▶ [What you have to do]
Your answer must be the exact lines of the listing below that run from the line with "Lukzer 5-Drawer Fabric" to the line with "Casa si Gradina", ends included, and no pictures.

▶ [Available data]
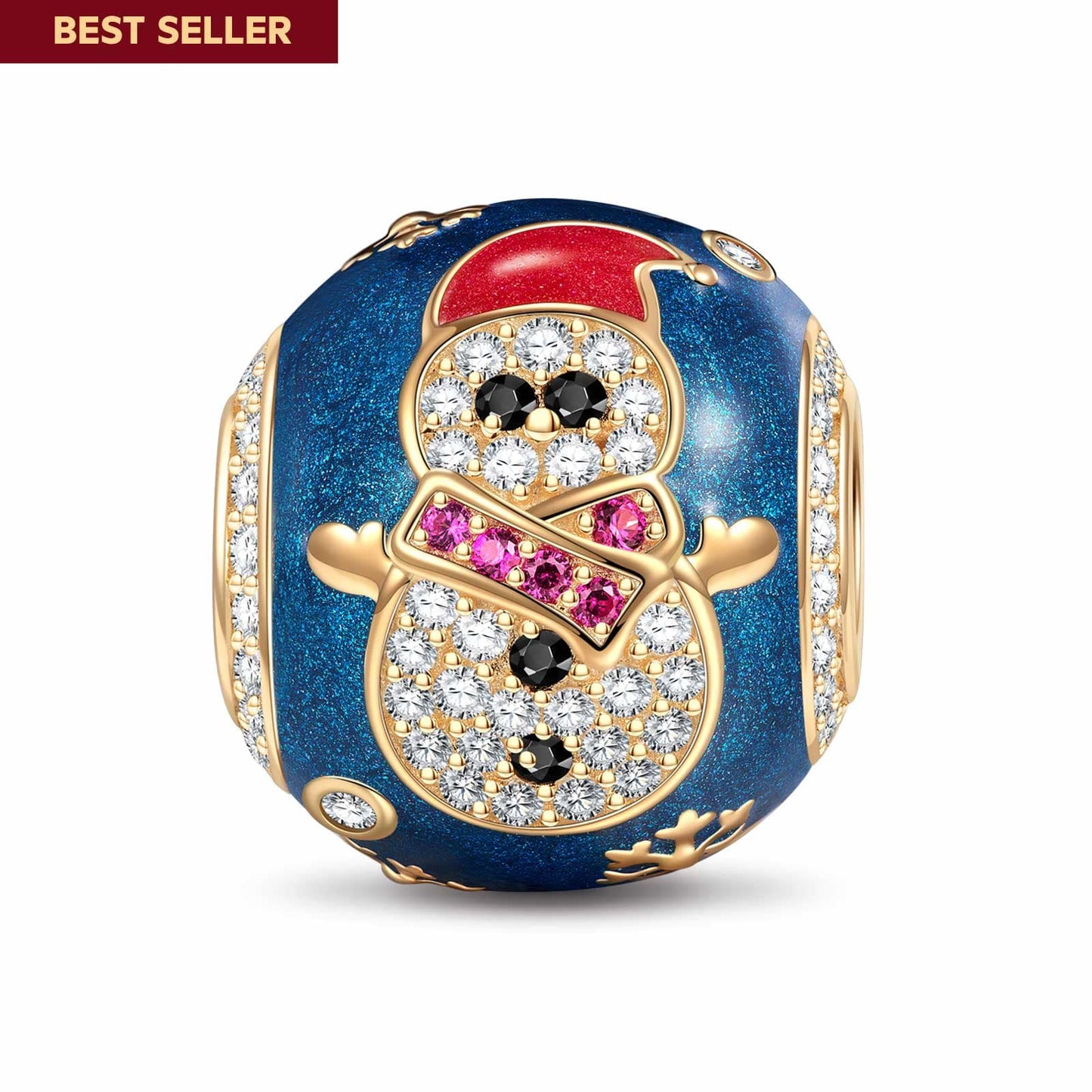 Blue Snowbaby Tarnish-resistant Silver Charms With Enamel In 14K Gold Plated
---
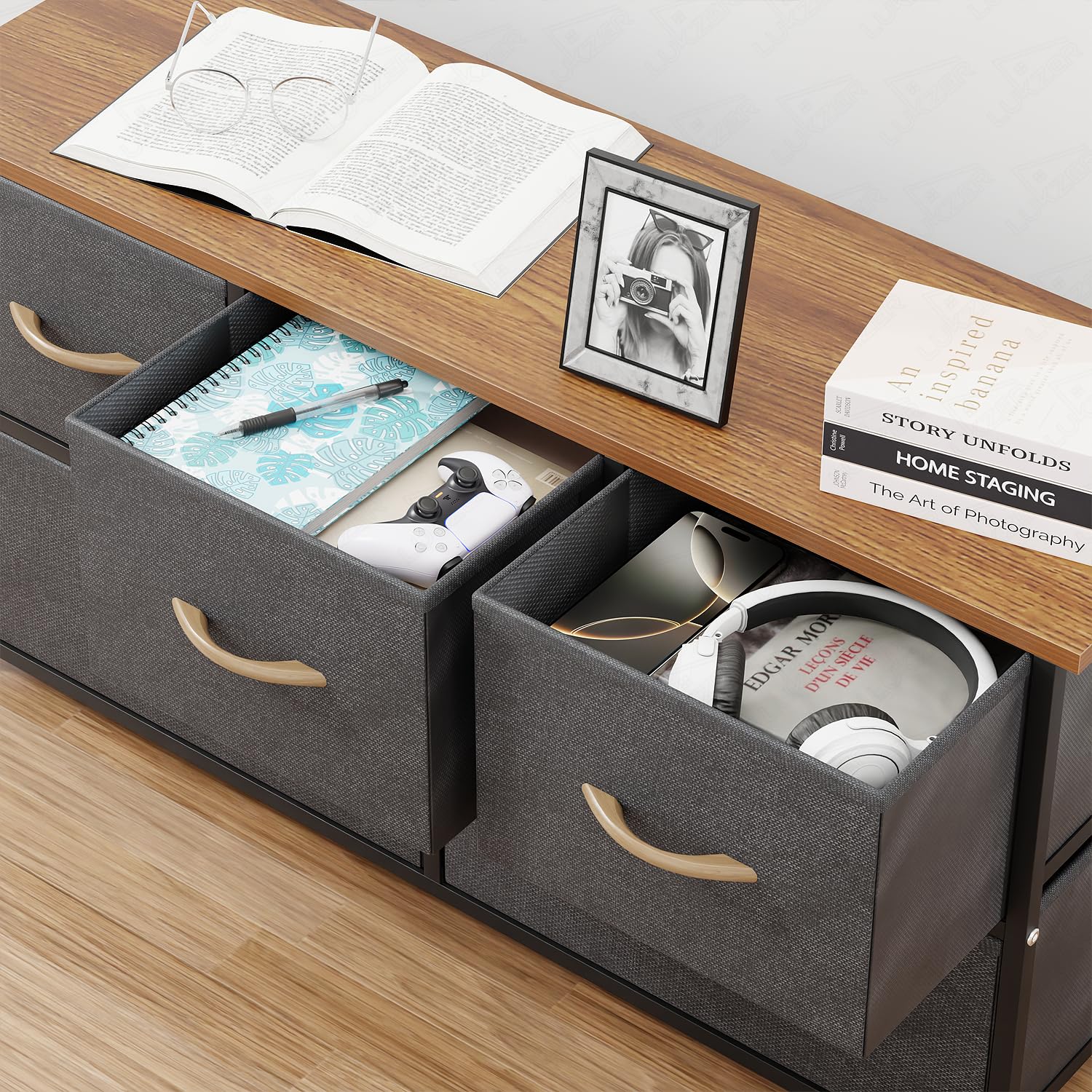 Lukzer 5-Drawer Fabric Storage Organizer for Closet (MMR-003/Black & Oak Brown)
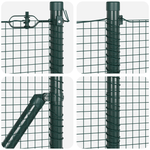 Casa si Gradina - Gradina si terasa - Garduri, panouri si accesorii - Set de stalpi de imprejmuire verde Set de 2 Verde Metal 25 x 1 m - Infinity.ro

▶ [Solution]
 Lukzer 5-Drawer Fabric Storage Organizer for Closet (MMR-003/Black & Oak Brown)
 Casa si Gradina - Gradina si terasa - Garduri, panouri si accesorii - Set de stalpi de imprejmuire verde Set de 2 Verde Metal 25 x 1 m - Infinity.ro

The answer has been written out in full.